Poland is increasingly becoming an illiberal democracy. The nationalist right-wing Law and Justice party plans to hold onto power by consolidating the media and rejecting foreign influence, says Alexander Görlach.
Poland’s ruling Law and Justice party (PiS) secured a narrow majority in Sunday’s parliamentary election, luring voters with all sorts of promises. But the core party platform has remained nationalist — shown by, among other things, the party’s desire to make the country’s media landscape more Polish. PiS claims the media is controlled by Germany, and says this alleged foreign control should be stopped. The aim, in this former star of Eastern Europe’s post-communist democratic rebirth, is to bring the media into line.
PiS is searching for a foreign scapegoat, due in large part to the fact that Poles remain overwhelmingly positive about Europe. At times, they’ve even topped surveys when it comes to approving of the European Union.
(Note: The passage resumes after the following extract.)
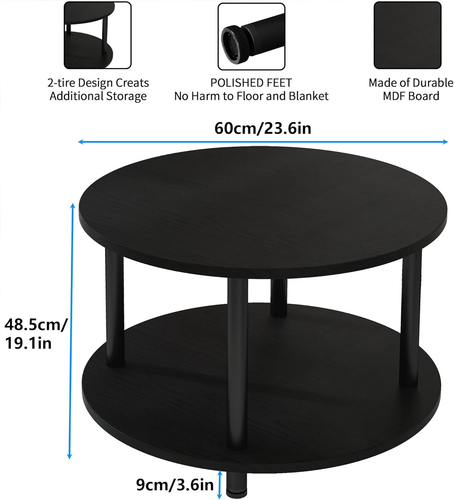 23.6" round Coffee Table, 2-Tier Small Circle Coffee Table with Storage, Modern - Picture 3 of 7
Polish and European flags still fly on all public buildings in Warsaw — a rare sight in southern neighbour Hungary.
The Hungarians also went to the polls last weekend, at local level. And for the first time in a decade, Prime Minister Viktor Orban’s ruling Fidesz Party saw defeat in many key races. Like his Polish counterpart, Orban is a proponent of illiberal democracy, the intention of which is to streamline the country’s discourse and to shield it from everything that is supposedly foreign.
Rejecting the foreign unknown
The struggle for European unity will continue to be fought in Central Europe, in Poland and Hungary. Those who visit Warsaw find a cosmopolitan metropolis, one in which people don’t give off the impression that they have anything against foreigners. Outside the major cities, however, things look different.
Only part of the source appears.